Eric J. Brown,
Matthew J. Collins, Kevin J. Walsh, Mark W. Wells, Exchange Act Rel. 66469,
February 27, 2012
The Commission upheld sanctions against three respondents in connection with
sales or supervision of sales of variable annuities. It dismissed the case
against one individual.
The Commission concluded that Brown fraudulently sold variable annuities after
having lost his state license to sell insurance products and to have effected
unauthorized transactions in customer accounts. In doing so he aided and
abetted violations of the books and records provisions by falsifying customer
account forms. He was barred from broker, dealer or adviser association and
ordered to: cease and desist, pay disgorgement, and a penalty of $560,000.
Collins was found to have failed to supervise Brown and aided and abetted books
and records violations by falsifying customer account forms. He was barred from
broker, dealer, or adviser association with a right to reapply after two years
and ordered to: cease and desist, pay disgorgement, and a penalty of $310,000.
Walsh was found to have committed fraud in connection with variable annuity
sales. He too was barred from broker, dealer, or adviser association and
ordered to: cease and desist; pay disgorgement, and a penalty of $255,000.

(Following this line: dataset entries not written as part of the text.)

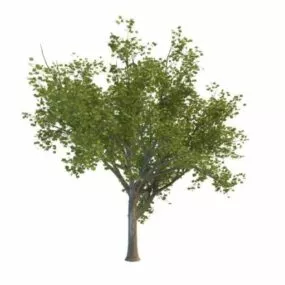 Ginkgo Tree 3d model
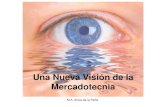Mkt Vision Toluca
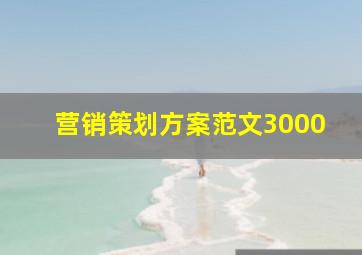 营销策划方案范文3000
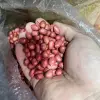 Lạc Đỏ Loại 1 Nghệ An Tây Bắc Hạt To Ngon Giảm Giá 45.000đ 4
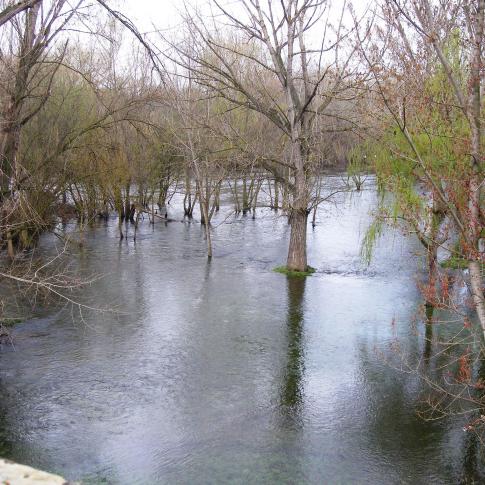 El Tormes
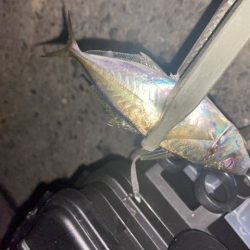 寒さに耐えてランガン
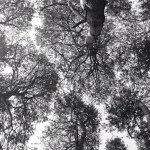 10617012_693481344053343_586976102_a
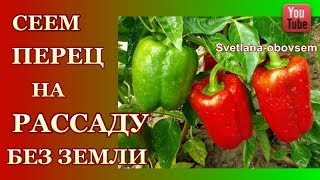 ПОСЕВ СЕМЯН ПЕРЦА БЕЗ ЗЕМЛИ НА РАССАДУ.СЕКРЕТ БЫСТРОГО ПРОРАСТАНИЯ СЕМЯН
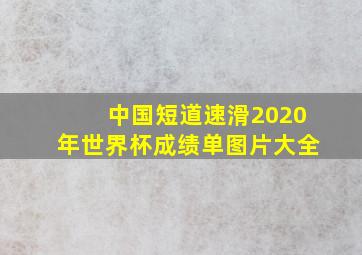 中国短道速滑2020年世界杯成绩单图片大全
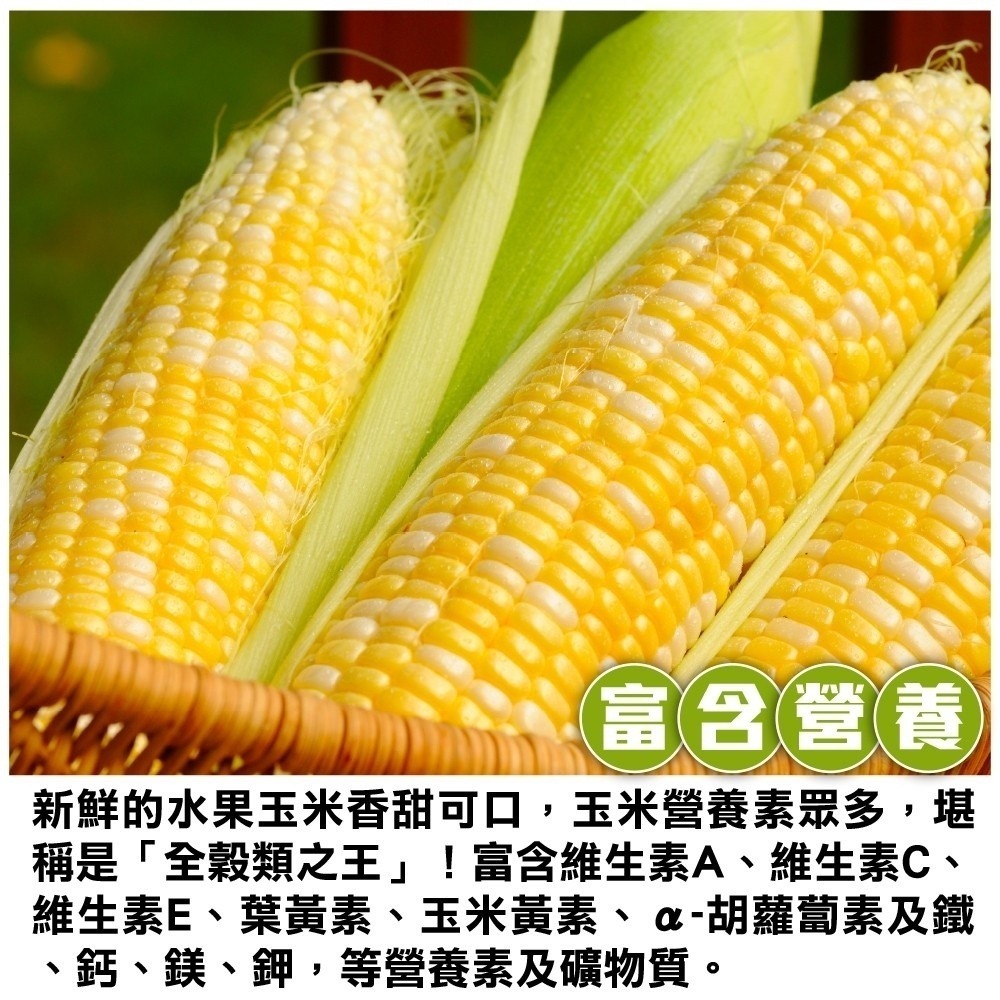 台灣雙色水果玉米 0運費【果農直配】台灣玉米 甜玉米 雙色玉米 黃玉米 白玉米 水果玉米 生玉米 帶葉玉米-細節圖7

Respondent Wells was successful in his appeal. Although the ALJ found that
Wells had engaged in fraudulent variable annuity sales the Commission disagreed
and dismissed the case against him.
The ALJ's initial decision is here.
The discussion of penalties in this decision is of interest. First, the
penalties were applied on a per customer basis rather than for each individual
misrepresentation. Second, no penalties were imposed for conduct that occurred
before the five year statute of limitations. The Commission rejected the
Division of Enforcement's argument that such sales were part of a continuing
course of conduct. Third, the Commission lowered the penalties from third to
second tier as the actual customer losses were relatively small. This last
matter is of great significance as it appears that the the Commission now will
impose third tier penalties only when customers actually suffer significant
economic loss. The statute of course authorizes third tier penalties when there
are substantial investor losses or "significant risk of
substantial losses." The Commission seems to base its conclusion on the
fact that there were no substantial investor losses here and simply conflates
that with significant risk of loss. The opinion never explains why there was no
risk of greater loss by the customers - it simply concludes that this was so
without any meaningful discussion of the issue.